Use the entries below and reproduce exactly the lines from the one containing "A person's hand" down to the one containing "a girl in a", both of them included.

* **INPUT DATA**
^^^^^^^^^^^^^^^^

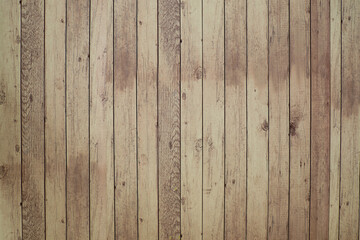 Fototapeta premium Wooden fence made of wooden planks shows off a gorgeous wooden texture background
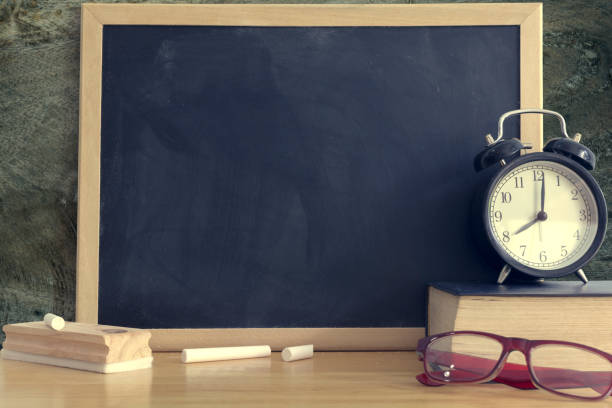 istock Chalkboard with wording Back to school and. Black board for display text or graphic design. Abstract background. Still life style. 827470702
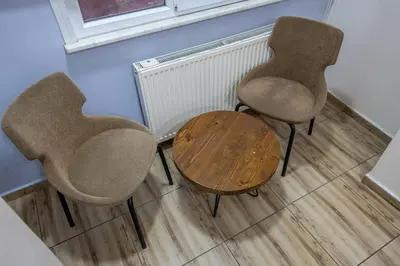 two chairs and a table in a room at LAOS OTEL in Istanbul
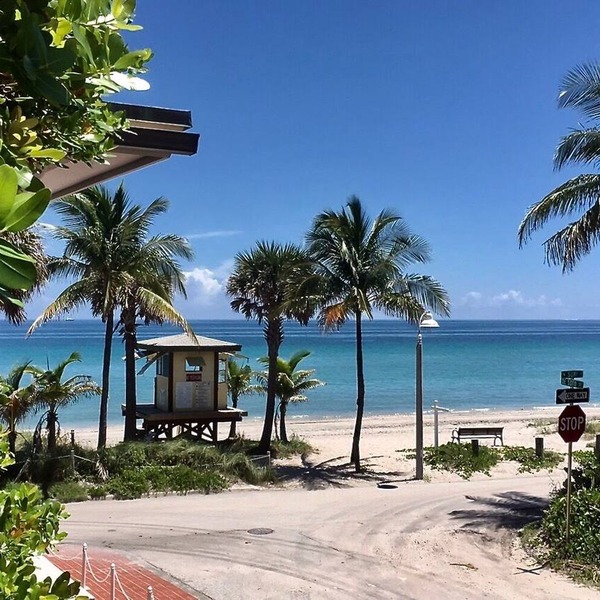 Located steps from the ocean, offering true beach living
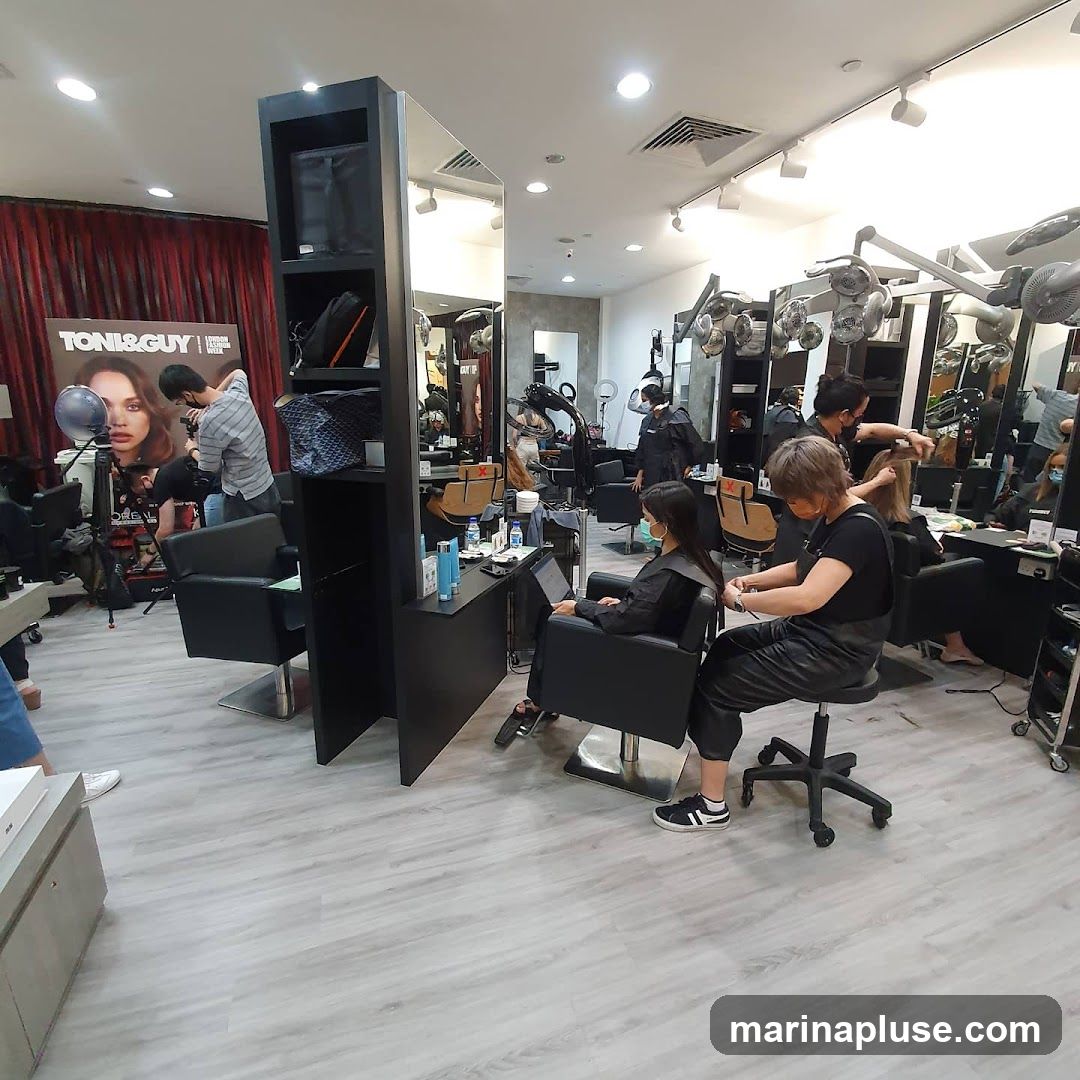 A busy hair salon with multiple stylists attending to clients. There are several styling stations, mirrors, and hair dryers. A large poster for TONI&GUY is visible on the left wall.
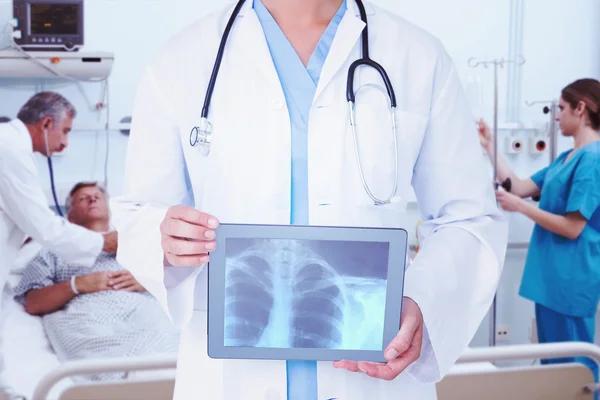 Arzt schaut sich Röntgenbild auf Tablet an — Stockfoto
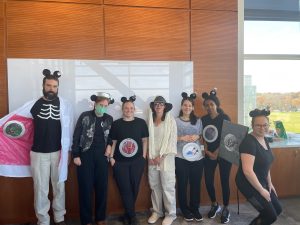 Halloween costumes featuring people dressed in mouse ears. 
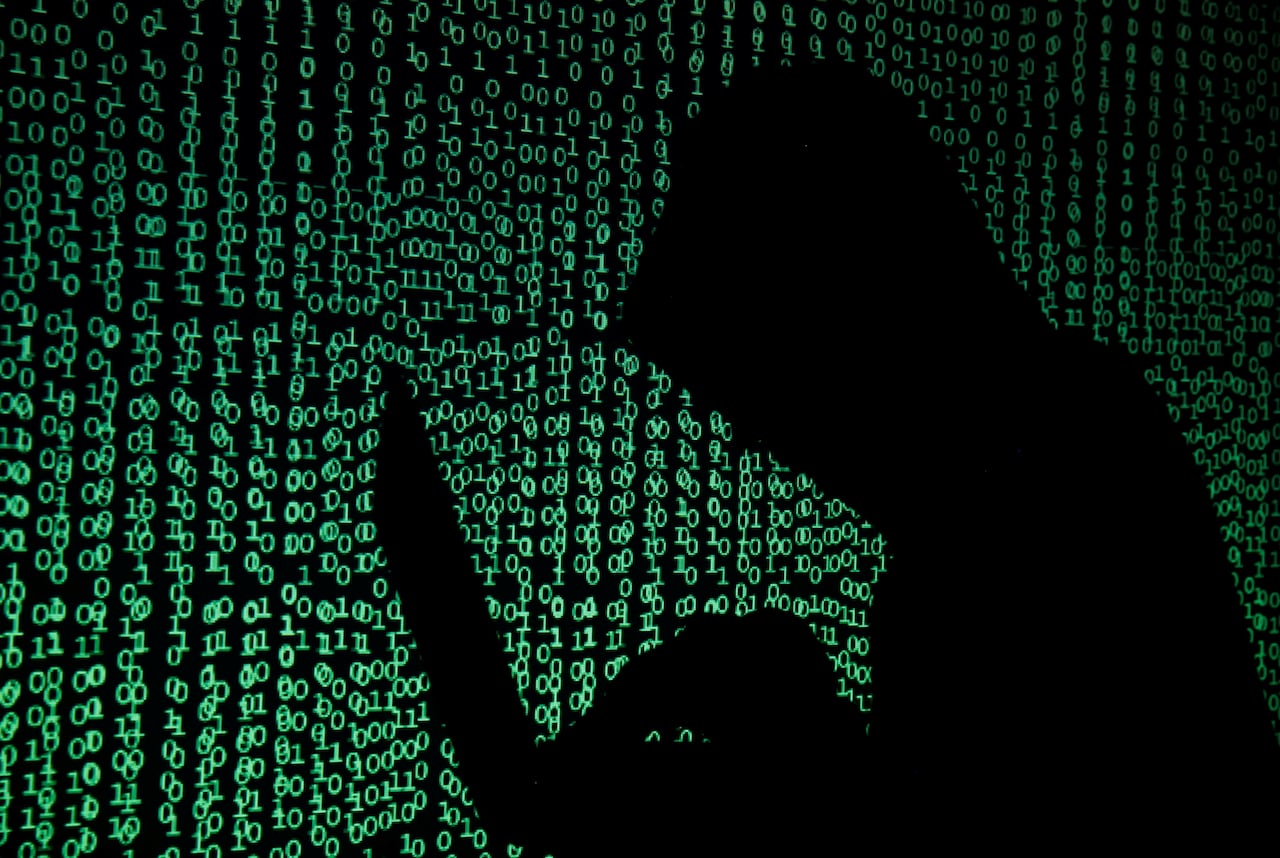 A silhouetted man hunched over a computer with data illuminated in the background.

^^^^^^^^^^^^^^^^

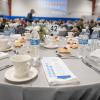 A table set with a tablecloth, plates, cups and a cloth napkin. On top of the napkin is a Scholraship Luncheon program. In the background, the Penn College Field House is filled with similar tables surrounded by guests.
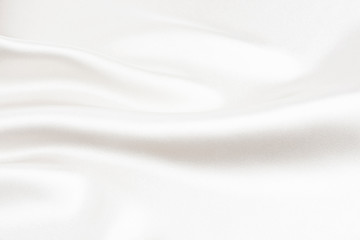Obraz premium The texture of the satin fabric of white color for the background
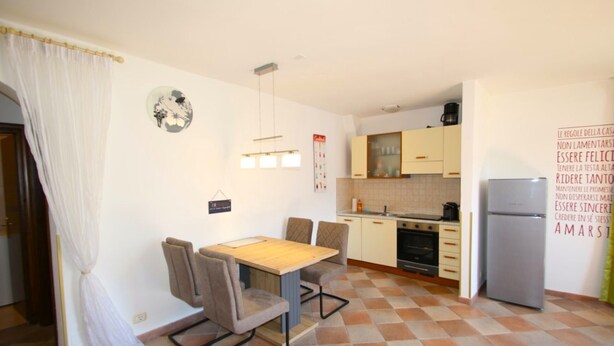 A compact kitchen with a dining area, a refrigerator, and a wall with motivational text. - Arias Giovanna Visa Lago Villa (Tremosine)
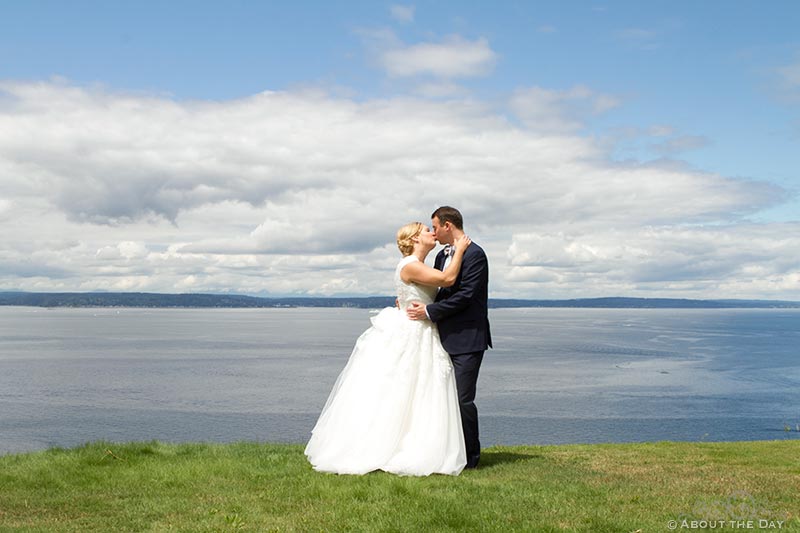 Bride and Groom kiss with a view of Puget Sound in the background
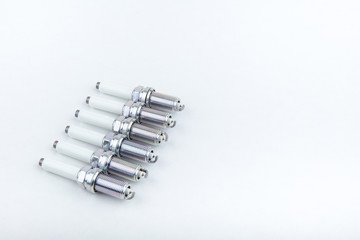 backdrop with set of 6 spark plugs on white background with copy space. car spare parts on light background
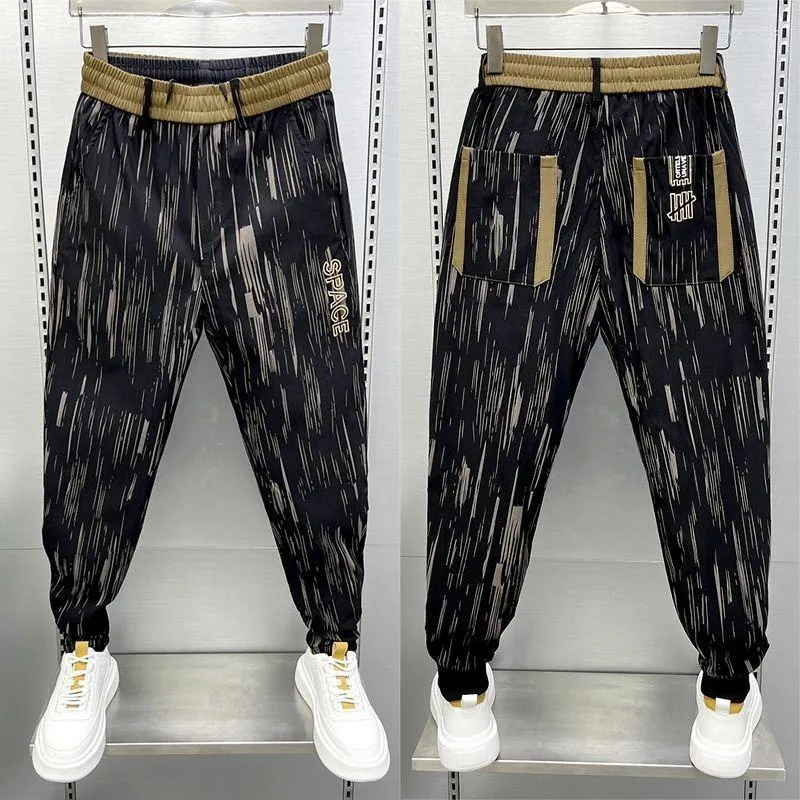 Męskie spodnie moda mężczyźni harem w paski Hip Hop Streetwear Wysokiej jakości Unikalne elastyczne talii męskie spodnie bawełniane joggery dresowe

^^^^^^^^^^^^^^^^

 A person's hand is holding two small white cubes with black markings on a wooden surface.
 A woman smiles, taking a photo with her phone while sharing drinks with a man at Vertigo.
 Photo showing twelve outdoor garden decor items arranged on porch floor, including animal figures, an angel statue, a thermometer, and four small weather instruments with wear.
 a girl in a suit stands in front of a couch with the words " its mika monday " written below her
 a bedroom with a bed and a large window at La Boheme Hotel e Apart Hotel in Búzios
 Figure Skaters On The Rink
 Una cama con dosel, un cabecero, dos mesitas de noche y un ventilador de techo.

^^^^^^^^^^^^^^^^

* **COMPLETED TASK**
 A person's hand is holding two small white cubes with black markings on a wooden surface.
 A woman smiles, taking a photo with her phone while sharing drinks with a man at Vertigo.
 Photo showing twelve outdoor garden decor items arranged on porch floor, including animal figures, an angel statue, a thermometer, and four small weather instruments with wear.
 a girl in a suit stands in front of a couch with the words " its mika monday " written below her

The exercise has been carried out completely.